Yesterday, by accident, I found myself swallowed whole by a drug-crime documentary about something called
Operation Odessa -- the tale, among other things, of a mobster who brokered an attempt to sell a Russian submarine to the Colombian Cali drug cartel as a better way to ship cocaine ... a lot of cocaine.
I couldn't quite keep all the players straight in my mind, but I was fascinated by the untold riches and powers of the men involved in this criminal enterprise: What does anyone do when they have all the money they want -- and then some -- and all the power they want -- and then some ... I mean, when you've got everything you want, what's left? Licit or illicit, the question remains the same. What's left? What resting place or whatever?
Based on the television show I couldn't bring myself to turn off, it seems that the only thing left is to brag on yourself in a documentary. But what does that accomplish? Is that enough? Perhaps so. Perhaps not.
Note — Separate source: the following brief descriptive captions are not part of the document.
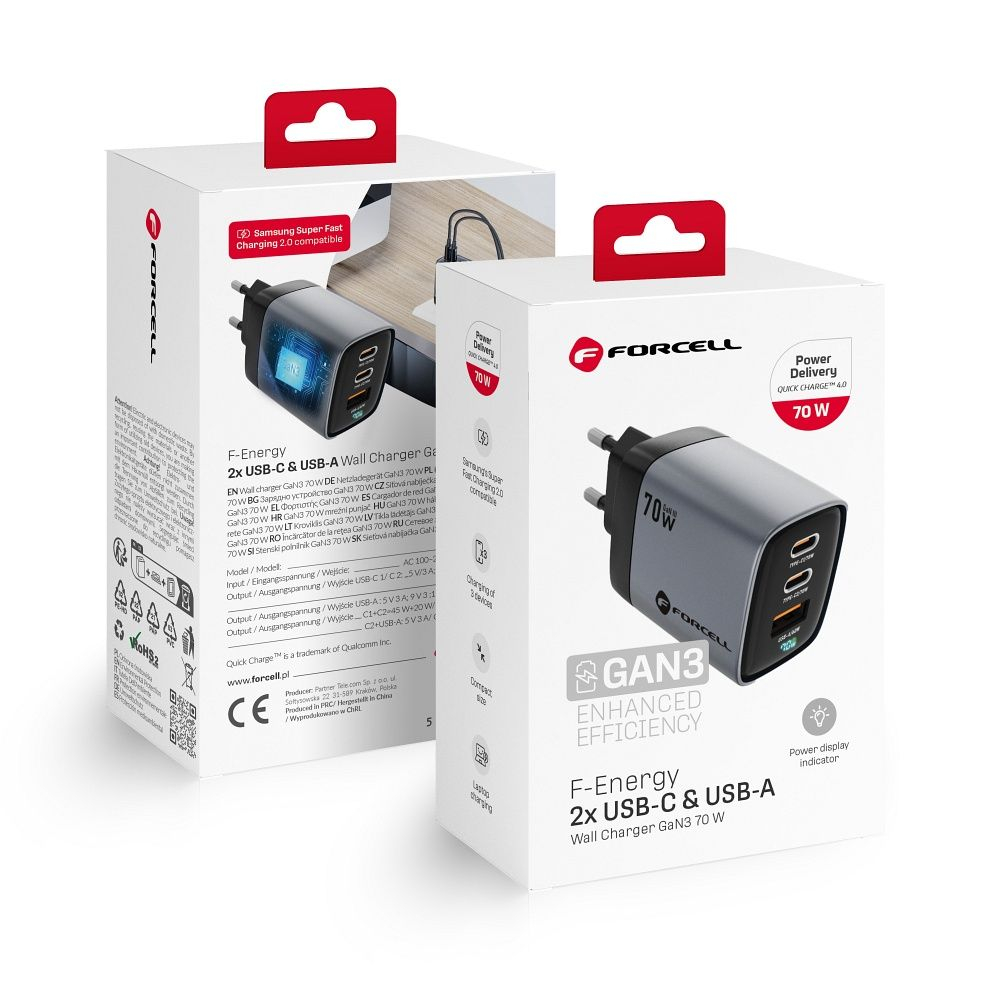 Încărcător rețea Forcell F-Energy GaN III 70W, 2x USB-C PD, 1x USB-A, QC 4.0, gri [4]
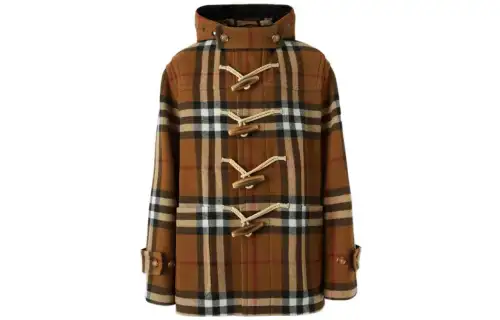 Burberry Coats Men's Brown Hooded Moderate Straight Fit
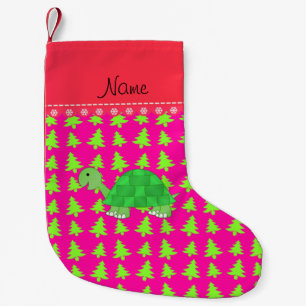 Meia De Natal Pequena Árvore de natal verde-rosa de tartaruga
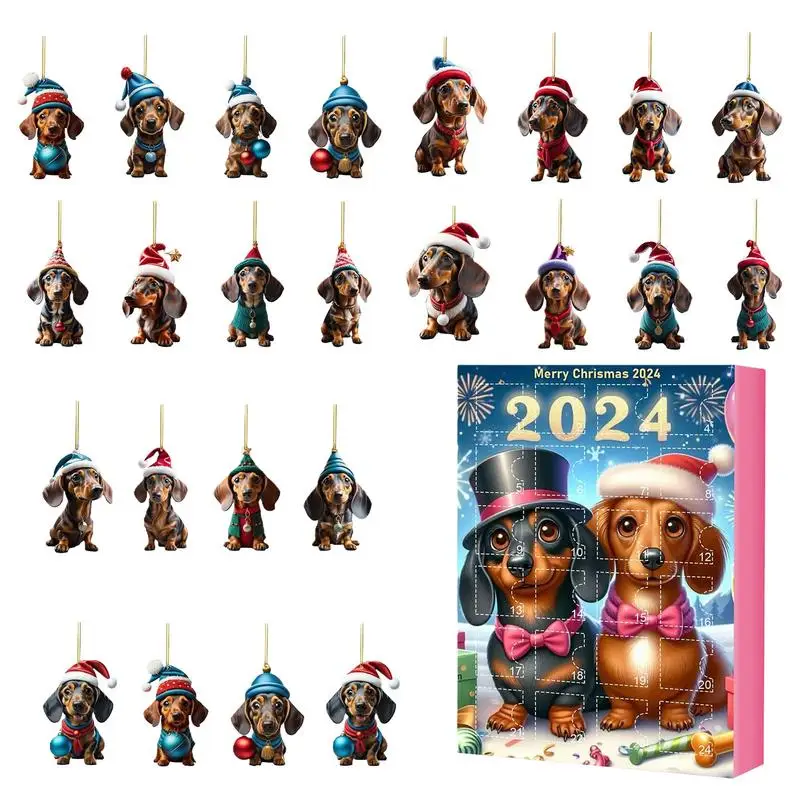 

2024 Christmas Dachshund Advent Calendar Christmas Tree Decoration 2D Flat Dachshund Pendants 24 Day Countdown Calendar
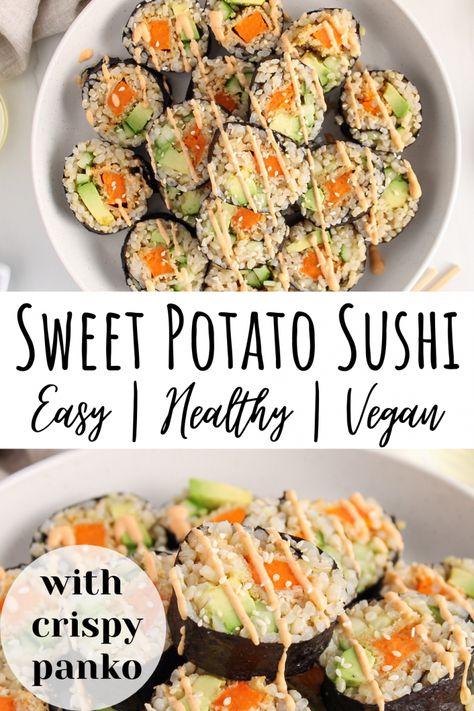 Sweet Potato Sushi Roll, Sweet Potato Sushi, Vegan Sushi Rolls, Sushi Recipes Homemade, Veggie Sushi, Vegetarian Sushi, Sushi Roll Recipes, Crispy Sweet Potato, Vegan Sushi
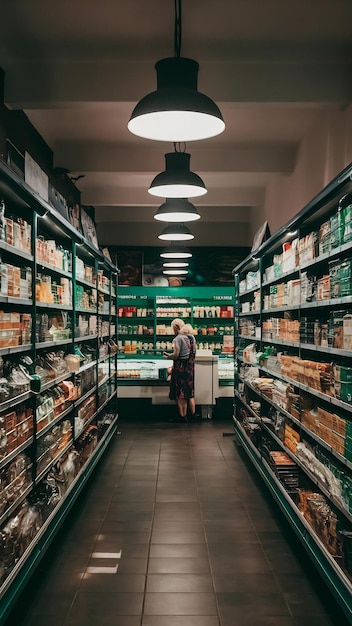 Grocery shop with food on shelves in budapest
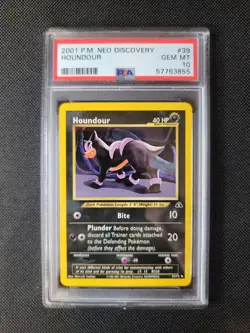2001 Pokemon Neo Discovery 39 Houndour PSA 10 WoTC - Image 1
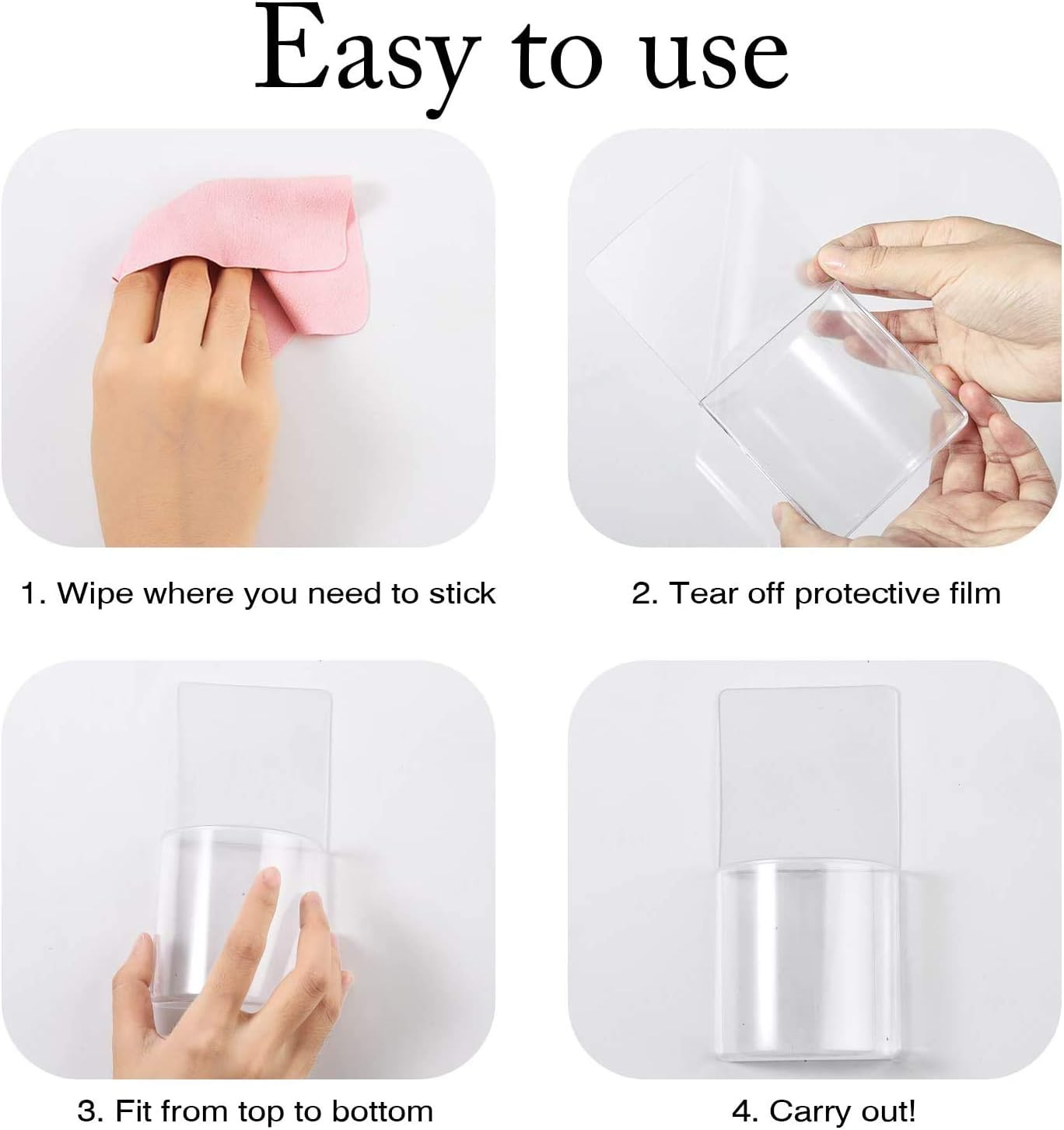 Clear Remote Control Holder Wall Mount Damage-Free 2 Pack
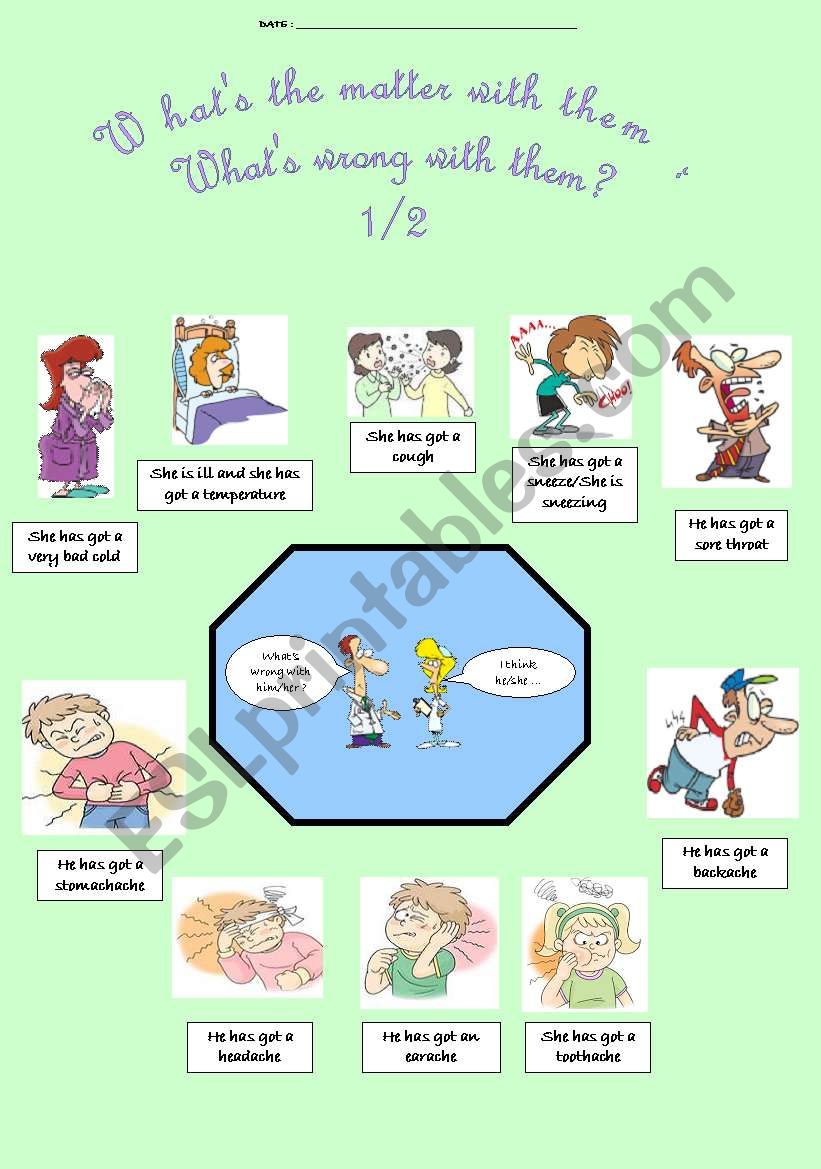 Health vocabulary sheet 1/2 worksheet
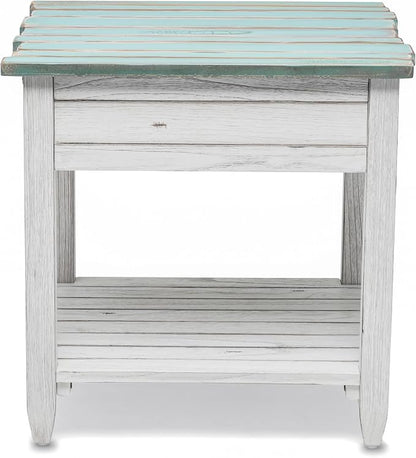Sea Winds Trading Picket Fence End Table Distressed Bleu White Finish - Image 4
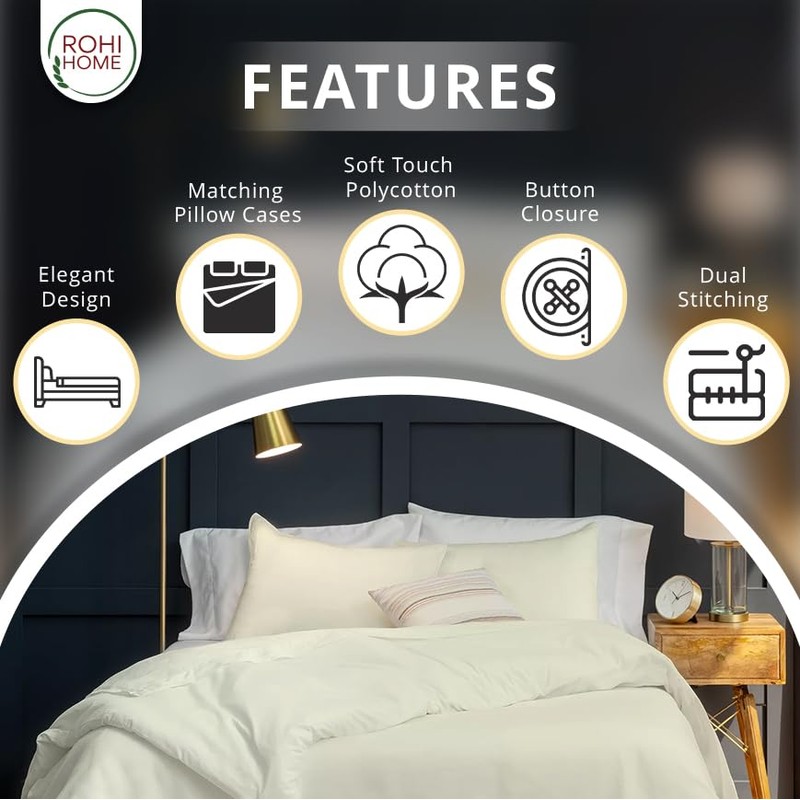 Rohi Easy Care plain Single Duvet Cover set – Soft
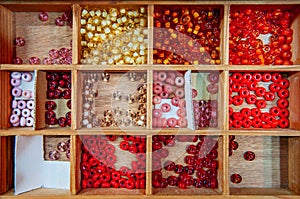 Multicolored assorted glass beads, Beautiful Glass beads close u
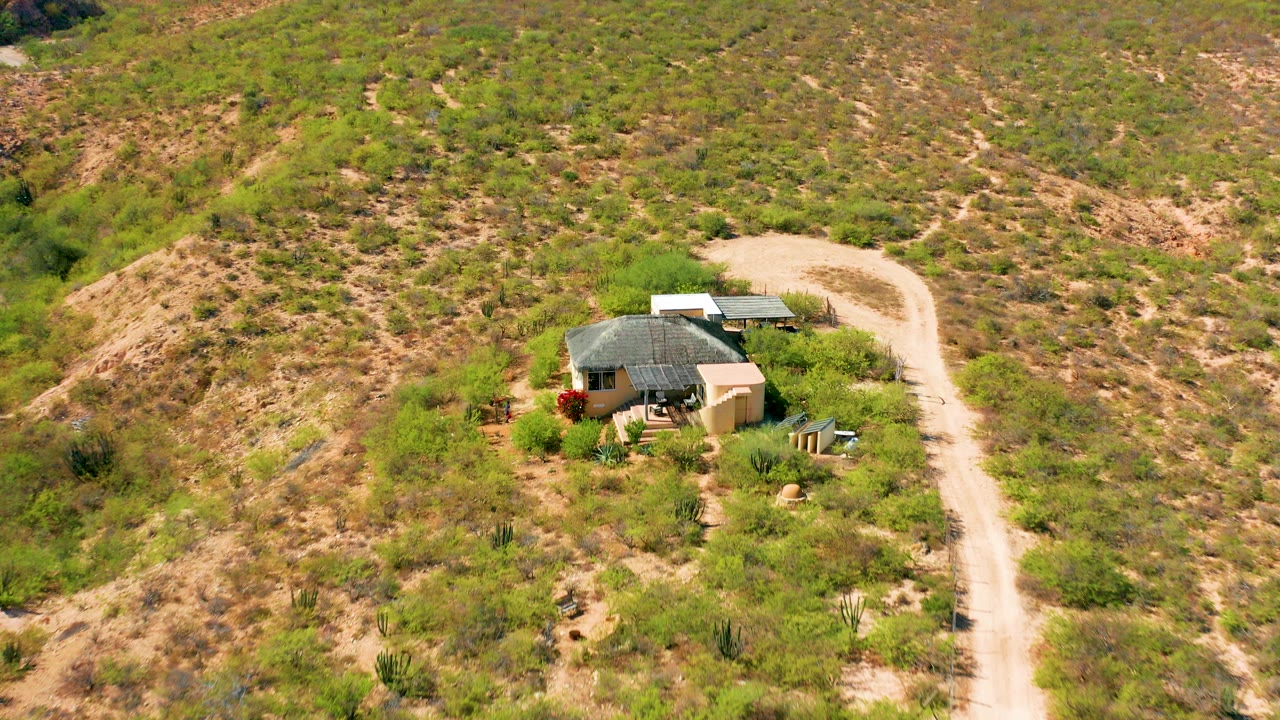 Early aerial frame over Cabo Pulmo, Baja California Sur, showing a small house with a dark thatched roof beside a pale dirt road, dry hills, green shrubs, and no visible people.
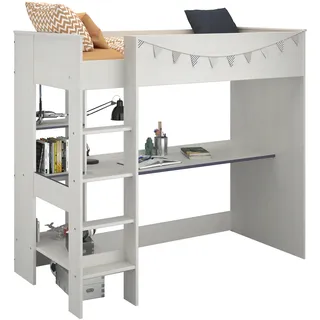 Parisot Hochbett mit Schreibtisch Smoozy 3a + 3b - Kanten Blau oder Pink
As I watched these meaty men detailing their dealings, the lines blurred between their criminality and the legality of the bankers and brokers you might see in public life. It all rose above anything that might be called moral or immoral. Think of it: If you've got everything, what, precisely have you got?
Cars, bank accounts, private jets, the occasional killing, sex, marriage, kids ... E-V-E-R-Y-T-H-I-N-G. Some of these king-pins in South America sent cards to law enforcement officers in Miami ... Where are you guys? We miss you. Haven't seen you around.
The deals and the size of the deals was dizzying. And still the question nagged, whether it was a question for Donald Trump or for a man who made millions the way the rest of us might pick up a dime on the sidewalk: What do you have when you have everything. What meat is left on the I've-got-everything bone when you've got everything?
The documentary ingested me. It did not detail any deeper satisfaction or joy. Is "more" enough when you already have more? I didn't feel disapprovingly tch-tch about it all. I seriously wondered. Would anyone love God if they already
were God (in a manner of speaking)? Is bragging on yourself a place of rest and ease and satisfaction? Stamp-collecting, maybe, or dog-handling, tuna fishing, portraiture ... something?
I was happy when the documentary ended. I felt like a wet wash cloth that had been forcibly wrung out. Drained. Not exactly wet but not exactly dry. Wouldn't you think that anyone who expended so much effort would have a goal to achieve, something that would fulfill some deep-seated desire, some ahhhhhh?
Oh well ... I'm not sure if the weird-shit-o-meter belongs to me or belongs to them ... or both.